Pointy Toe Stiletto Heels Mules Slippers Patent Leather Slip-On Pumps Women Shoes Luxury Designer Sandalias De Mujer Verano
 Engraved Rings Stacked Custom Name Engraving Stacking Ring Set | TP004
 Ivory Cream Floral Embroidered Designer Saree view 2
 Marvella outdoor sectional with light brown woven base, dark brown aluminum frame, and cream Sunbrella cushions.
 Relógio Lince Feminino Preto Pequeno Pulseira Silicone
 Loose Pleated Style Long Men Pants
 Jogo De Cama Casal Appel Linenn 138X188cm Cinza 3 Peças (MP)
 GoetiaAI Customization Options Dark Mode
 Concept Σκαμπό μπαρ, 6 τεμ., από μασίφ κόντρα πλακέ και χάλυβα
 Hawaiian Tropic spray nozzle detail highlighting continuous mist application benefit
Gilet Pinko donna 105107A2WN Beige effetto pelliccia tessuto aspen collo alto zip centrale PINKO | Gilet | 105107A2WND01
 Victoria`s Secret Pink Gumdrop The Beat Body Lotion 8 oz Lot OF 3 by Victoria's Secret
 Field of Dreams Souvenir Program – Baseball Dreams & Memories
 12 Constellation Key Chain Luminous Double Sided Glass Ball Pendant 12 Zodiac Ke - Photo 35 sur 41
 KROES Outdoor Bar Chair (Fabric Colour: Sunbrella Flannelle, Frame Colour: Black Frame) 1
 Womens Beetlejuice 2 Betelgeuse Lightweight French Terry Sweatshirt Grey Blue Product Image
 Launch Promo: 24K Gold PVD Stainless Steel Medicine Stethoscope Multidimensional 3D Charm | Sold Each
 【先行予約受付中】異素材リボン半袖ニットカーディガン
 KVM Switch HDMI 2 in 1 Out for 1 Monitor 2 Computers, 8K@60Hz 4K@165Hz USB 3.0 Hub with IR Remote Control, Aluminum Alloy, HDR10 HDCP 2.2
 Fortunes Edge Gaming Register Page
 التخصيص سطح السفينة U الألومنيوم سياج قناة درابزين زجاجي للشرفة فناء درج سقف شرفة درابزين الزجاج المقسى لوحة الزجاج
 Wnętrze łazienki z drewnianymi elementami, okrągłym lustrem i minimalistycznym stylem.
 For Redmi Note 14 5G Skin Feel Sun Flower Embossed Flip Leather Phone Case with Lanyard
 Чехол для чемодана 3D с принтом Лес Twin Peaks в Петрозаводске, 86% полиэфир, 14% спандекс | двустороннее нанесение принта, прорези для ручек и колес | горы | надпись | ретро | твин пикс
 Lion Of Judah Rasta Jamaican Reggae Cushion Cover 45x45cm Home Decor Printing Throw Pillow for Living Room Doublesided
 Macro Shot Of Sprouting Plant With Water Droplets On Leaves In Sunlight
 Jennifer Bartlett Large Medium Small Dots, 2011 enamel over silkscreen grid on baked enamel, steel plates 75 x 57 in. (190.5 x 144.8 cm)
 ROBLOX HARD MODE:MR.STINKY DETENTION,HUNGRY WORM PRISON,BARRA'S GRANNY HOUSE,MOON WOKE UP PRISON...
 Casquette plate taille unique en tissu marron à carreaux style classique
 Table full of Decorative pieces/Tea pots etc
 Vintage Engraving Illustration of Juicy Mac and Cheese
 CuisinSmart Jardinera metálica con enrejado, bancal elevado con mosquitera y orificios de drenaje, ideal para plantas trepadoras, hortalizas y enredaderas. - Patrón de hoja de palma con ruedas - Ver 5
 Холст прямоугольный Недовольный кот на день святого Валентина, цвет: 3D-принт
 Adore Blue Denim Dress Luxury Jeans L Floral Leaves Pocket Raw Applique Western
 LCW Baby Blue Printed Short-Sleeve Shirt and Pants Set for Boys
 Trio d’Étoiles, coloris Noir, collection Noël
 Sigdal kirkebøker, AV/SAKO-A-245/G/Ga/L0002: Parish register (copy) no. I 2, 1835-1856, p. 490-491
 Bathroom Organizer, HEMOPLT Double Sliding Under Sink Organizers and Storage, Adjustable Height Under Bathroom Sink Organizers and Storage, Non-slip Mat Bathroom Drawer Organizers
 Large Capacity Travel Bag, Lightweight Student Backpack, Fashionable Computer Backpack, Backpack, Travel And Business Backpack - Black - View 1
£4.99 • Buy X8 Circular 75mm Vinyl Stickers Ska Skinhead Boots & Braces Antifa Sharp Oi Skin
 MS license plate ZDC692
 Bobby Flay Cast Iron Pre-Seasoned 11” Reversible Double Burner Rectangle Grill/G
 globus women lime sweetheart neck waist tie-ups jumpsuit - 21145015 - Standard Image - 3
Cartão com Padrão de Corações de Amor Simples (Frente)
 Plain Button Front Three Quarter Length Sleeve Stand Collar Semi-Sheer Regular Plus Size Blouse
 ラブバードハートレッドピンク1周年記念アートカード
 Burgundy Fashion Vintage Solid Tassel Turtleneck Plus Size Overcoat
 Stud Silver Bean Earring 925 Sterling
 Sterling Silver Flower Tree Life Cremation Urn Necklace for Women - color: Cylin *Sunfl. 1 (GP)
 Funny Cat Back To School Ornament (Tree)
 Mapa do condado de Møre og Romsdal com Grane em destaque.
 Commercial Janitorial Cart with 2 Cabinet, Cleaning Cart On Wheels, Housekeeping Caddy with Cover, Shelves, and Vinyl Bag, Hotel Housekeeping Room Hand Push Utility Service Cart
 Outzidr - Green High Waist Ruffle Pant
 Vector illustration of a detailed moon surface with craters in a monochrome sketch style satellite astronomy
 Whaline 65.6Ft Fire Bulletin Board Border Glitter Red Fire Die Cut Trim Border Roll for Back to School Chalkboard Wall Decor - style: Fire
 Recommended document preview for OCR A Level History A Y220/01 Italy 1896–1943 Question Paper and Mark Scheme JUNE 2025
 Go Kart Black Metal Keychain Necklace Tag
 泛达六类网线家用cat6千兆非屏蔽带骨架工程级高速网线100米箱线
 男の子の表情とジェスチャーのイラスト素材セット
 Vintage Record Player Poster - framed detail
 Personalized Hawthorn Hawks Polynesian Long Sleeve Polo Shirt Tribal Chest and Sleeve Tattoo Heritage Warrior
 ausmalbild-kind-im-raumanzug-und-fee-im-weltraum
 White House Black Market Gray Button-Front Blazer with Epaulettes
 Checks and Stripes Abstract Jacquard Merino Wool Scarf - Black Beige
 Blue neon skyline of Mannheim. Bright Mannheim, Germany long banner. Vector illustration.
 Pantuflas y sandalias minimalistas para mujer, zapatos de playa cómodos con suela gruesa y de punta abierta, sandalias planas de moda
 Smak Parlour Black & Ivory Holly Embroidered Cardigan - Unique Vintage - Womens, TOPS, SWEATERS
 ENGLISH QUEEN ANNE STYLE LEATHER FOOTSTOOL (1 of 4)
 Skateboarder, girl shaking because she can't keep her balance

----

Output all lines from the beginning of the data up to the line holding "Relógio Lince Feminino", that line included, exactly as written.

Pointy Toe Stiletto Heels Mules Slippers Patent Leather Slip-On Pumps Women Shoes Luxury Designer Sandalias De Mujer Verano
 Engraved Rings Stacked Custom Name Engraving Stacking Ring Set | TP004
 Ivory Cream Floral Embroidered Designer Saree view 2
 Marvella outdoor sectional with light brown woven base, dark brown aluminum frame, and cream Sunbrella cushions.
 Relógio Lince Feminino Preto Pequeno Pulseira Silicone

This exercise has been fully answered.